W środę Zgromadzenie Parlamentarne Rady Europy wezwało Rosję do przekazania Polsce wraku samolotu Tu-154M, który rozbił się pod Smoleńskiem. Parlamentarzyści przegłosowali rezolucję w tej sprawie.

- Mam nadzieję, że nie zakończy się to tylko satysfakcją moralną. To jasny sygnał, że jednak w sprawie katastrofy smoleńskiej jest jeszcze wiele niewyjaśnionych kwestii. Dobrze, że włącza się w nie również społeczność międzynarodowa. Jest jasne, tak naprawdę dla wszystkich, że to dowód w sprawie. Tymczasem teraz, ten dowód jest po stronie rosyjskiej, która rzekomo cały czas prowadzi postępowanie przygotowawcze. Z tego, co wiemy, żadne działania nie są podejmowane przez prokuratorów – mówiła Małgorzata Wypych.

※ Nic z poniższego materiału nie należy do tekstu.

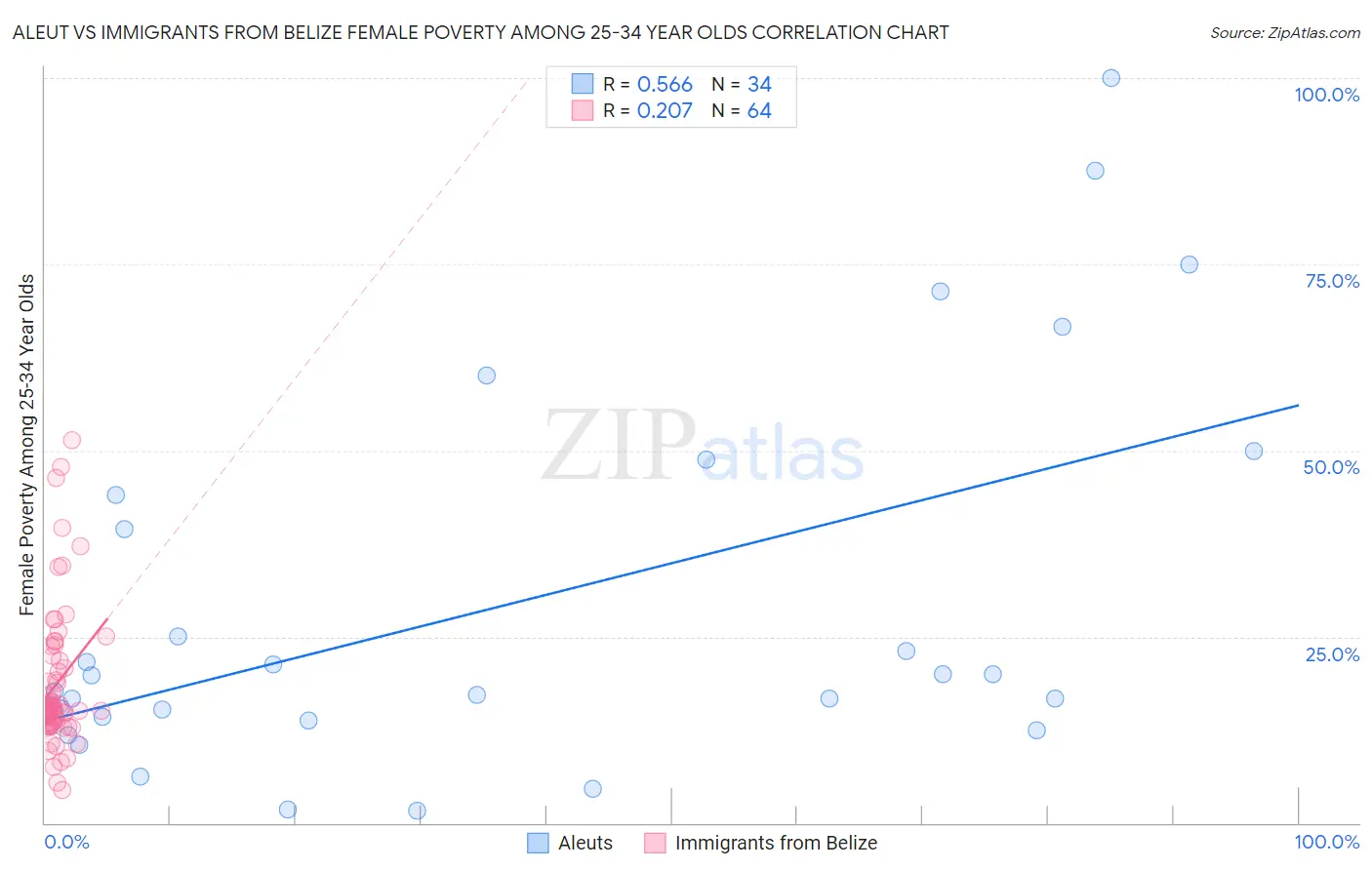 Aleut vs Immigrants from Belize Female Poverty Among 25-34 Year Olds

Posłanka PiS odniosła się także do mianowania przez prezydenta Andrzeja Dudę 27 nowych sędziów Sądu Najwyższego i tego, że Rzecznik Praw Obywatelskich Adam Bodnar skwitował nominacje, iż są one decyzją polityczną, bo prezydent nie czekał na orzeczenie Trybunału Sprawiedliwości Unii Europejskiej.

- Pytania, które zostały skierowane do Trybunału Europejskiego, dotyczyły wieku emerytalnego sędziów i wieku, w którym mogą przechodzić w stan spoczynku. Nie wiązały się z powołaniem sędziów SN – mówiła Małgorzata Wypych.